Xolo presents xube, the first commercial volumetric 3D printer
Company founders also presented a study on the xolography linear volumetric 3D printing method
Xolo, a startup based in Berlin, Germany, has developed and presented xube a new system that could be defined as the first commercially available volumetric 3D printer. Let’s not, however, get carried away. While it may be available to reserve for purchase, the system has actually been developed as an experimental tool to test possible applications of a volumetric 3D printing approach that the researchers behind the company have named “xolography”, so that more people can understand the revolution of this new form of additive manufacturing and “see it coming”, as the company tagline goes.

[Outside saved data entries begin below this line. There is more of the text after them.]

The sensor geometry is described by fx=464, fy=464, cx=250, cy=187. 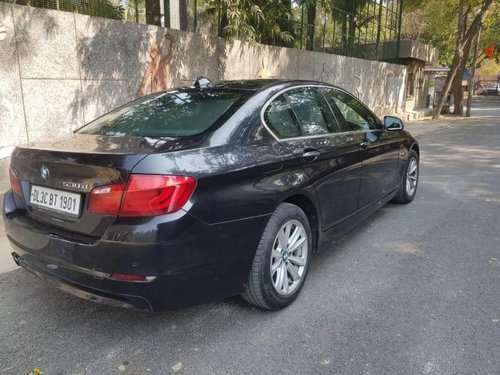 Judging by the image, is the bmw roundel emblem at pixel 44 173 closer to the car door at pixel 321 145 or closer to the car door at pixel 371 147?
the car door at pixel 321 145

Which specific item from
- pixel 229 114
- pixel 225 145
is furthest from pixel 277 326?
pixel 229 114

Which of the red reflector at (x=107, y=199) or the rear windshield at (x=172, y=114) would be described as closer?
the red reflector at (x=107, y=199)

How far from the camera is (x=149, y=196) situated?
251cm

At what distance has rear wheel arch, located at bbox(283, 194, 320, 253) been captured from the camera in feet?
11.4

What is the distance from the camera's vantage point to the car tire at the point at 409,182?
232 inches

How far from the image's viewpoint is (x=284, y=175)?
10.6ft

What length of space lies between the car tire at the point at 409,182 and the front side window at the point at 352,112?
44.9 inches

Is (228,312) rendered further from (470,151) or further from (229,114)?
(470,151)

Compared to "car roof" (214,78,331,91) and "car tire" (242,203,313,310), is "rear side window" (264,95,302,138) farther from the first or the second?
"car tire" (242,203,313,310)

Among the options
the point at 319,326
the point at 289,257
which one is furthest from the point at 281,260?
the point at 319,326

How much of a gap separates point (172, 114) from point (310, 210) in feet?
4.23

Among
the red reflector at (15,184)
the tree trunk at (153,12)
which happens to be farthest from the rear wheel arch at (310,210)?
the tree trunk at (153,12)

We did not see it coming. And I have to admit that our friends at Fabbaloo got to this story first, after it was published in Nature. We’ve covered volumetric 3D printing before, however, the technology remains marginal as it has no commercially viable applications yet. However, we do expect this approach to become much more relevant in the years to come.
In fact the xube could grow into something similar to what Formlabs achieved with the Form 1, Ultimaker, Makerbot and Prusa did with their first 3D printers, CELLINK did with the Inkredible bioprinter, or Sinterit did with the first Lisa: bring a technology that is largely experimental—or limited to the highest levels of industrial manufacturing—to a broader public of academic and commercial adopters.

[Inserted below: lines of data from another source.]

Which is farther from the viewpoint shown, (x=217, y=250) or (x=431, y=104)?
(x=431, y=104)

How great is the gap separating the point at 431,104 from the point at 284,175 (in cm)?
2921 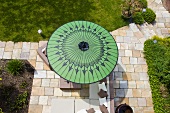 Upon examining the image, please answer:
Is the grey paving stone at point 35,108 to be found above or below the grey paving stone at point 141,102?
above

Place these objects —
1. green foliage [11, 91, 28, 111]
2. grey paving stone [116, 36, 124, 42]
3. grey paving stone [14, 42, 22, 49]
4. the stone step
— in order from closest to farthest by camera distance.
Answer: green foliage [11, 91, 28, 111] < grey paving stone [14, 42, 22, 49] < grey paving stone [116, 36, 124, 42] < the stone step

The German researchers who developed and are conducting tests on the xube system expect that volumetric 3D printing is the next step onward from sequential additive manufacturing methods. The xolography approach is a dual-color technique that uses photoswitchable photoinitiators to induce local polymerization inside a confined monomer volume, upon linear excitation, by intersecting light beams of different wavelengths. In other words, because volumetric 3D printing needs to “hit” different parts of the liquid resin at different times, in a 3D volume, to recreate a 3D image at once (and not just a 2 layer over an over), the researchers regulate how deep light penetrates into the resin by changing the wavelength.

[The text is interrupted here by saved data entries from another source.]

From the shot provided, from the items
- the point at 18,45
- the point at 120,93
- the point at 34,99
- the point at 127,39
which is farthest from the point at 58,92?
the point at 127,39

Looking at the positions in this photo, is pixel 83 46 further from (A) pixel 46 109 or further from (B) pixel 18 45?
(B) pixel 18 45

The researchers from xolo and two German universities demonstrated this concept with the xube volumetric printer, which has been designed to generate three-dimensional objects with complex structural features as well as mechanical and optical functions. Compared to state-of-the-art volumetric printing methods, this technique has a resolution about ten times higher than computed axial lithography without feedback optimization, and a volume generation rate four to five orders of magnitude higher than two-photon photopolymerization. The researchers expect this technology to transform rapid volumetric production for objects at the nanoscopic to macroscopic length scales.
Jordan Miller, Assistant Professor of Bioengineering, and Co-Founder at Volumetric, Inc., commented on LinkedIn the achievement, providing some additional insights and describing it as “an extremely creative and innovative realization of dual-color 3D photopolymerization […] Their design is [such] that the blue light sheet is once scanned through the volume (this is their z-axis), sensitizing the reactant in a thin plane, but only curing the changing red pattern (an XY image) that crosses there. Effectively the projection and thus the cured pattern changes in space even though you only have to project a single image at a time. On the name coining “Xolography” […] the authors state ‘The crossing (X) light beams generate the entire (holos) object using this printing process, hence the term xolography.’ I like it.”